Task requirements:
The answer should be every line below, repeated exactly, with the images left out.

Information provided:
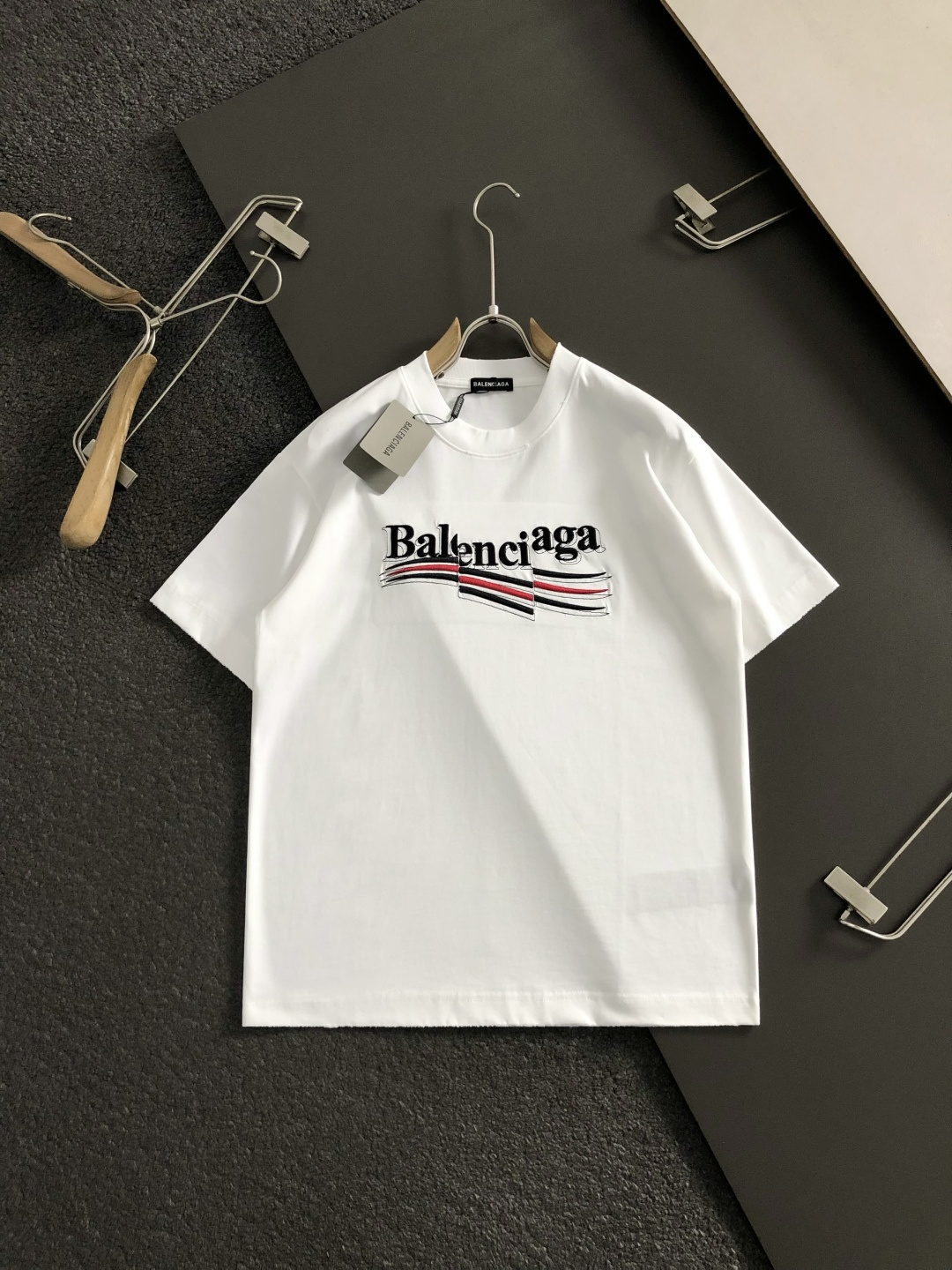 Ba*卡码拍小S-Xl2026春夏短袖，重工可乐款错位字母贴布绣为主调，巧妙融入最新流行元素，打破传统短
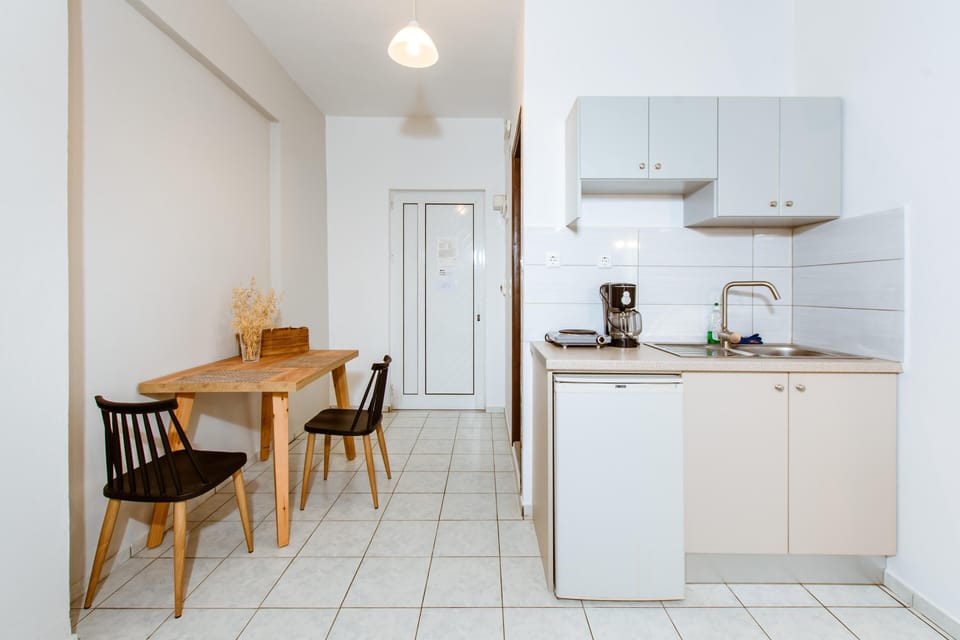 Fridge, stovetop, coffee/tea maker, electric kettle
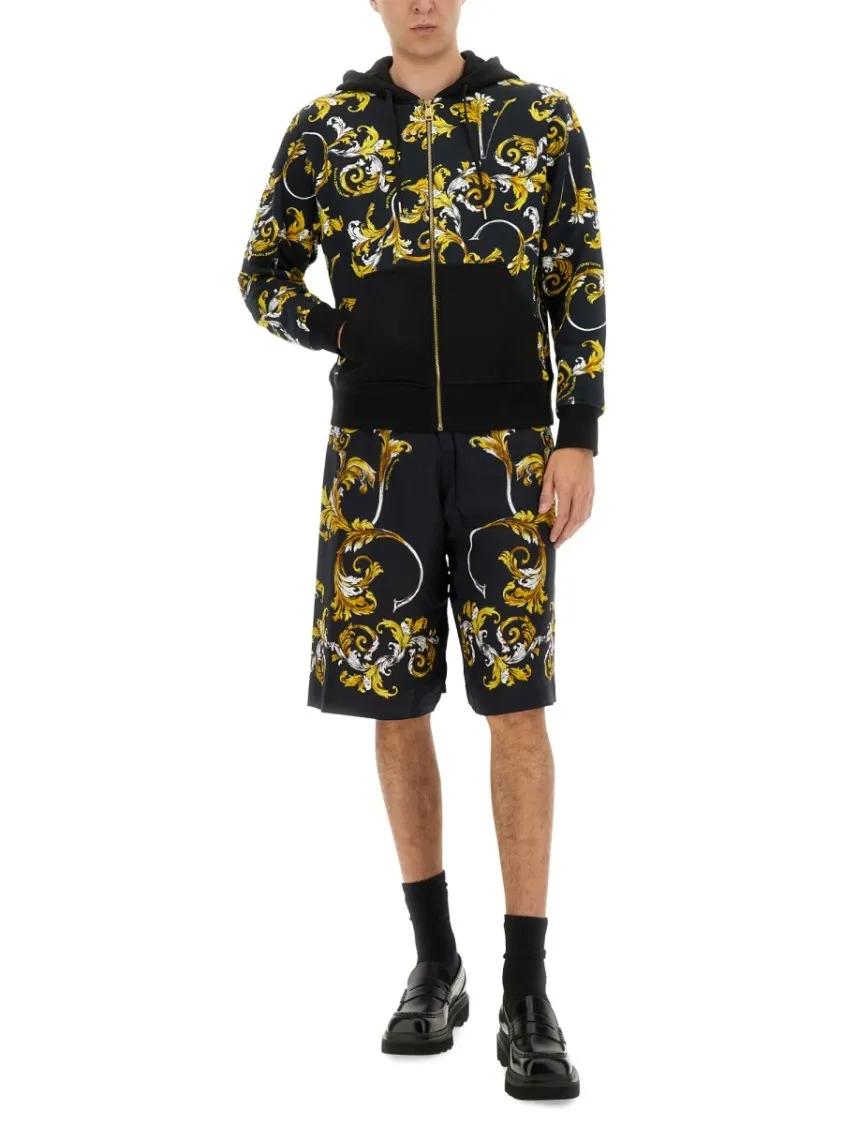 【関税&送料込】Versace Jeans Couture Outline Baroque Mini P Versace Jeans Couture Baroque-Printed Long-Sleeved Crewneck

Exercise answer:
 Ba*卡码拍小S-Xl2026春夏短袖，重工可乐款错位字母贴布绣为主调，巧妙融入最新流行元素，打破传统短
 Fridge, stovetop, coffee/tea maker, electric kettle
 【関税&送料込】Versace Jeans Couture Outline Baroque Mini P Versace Jeans Couture Baroque-Printed Long-Sleeved Crewneck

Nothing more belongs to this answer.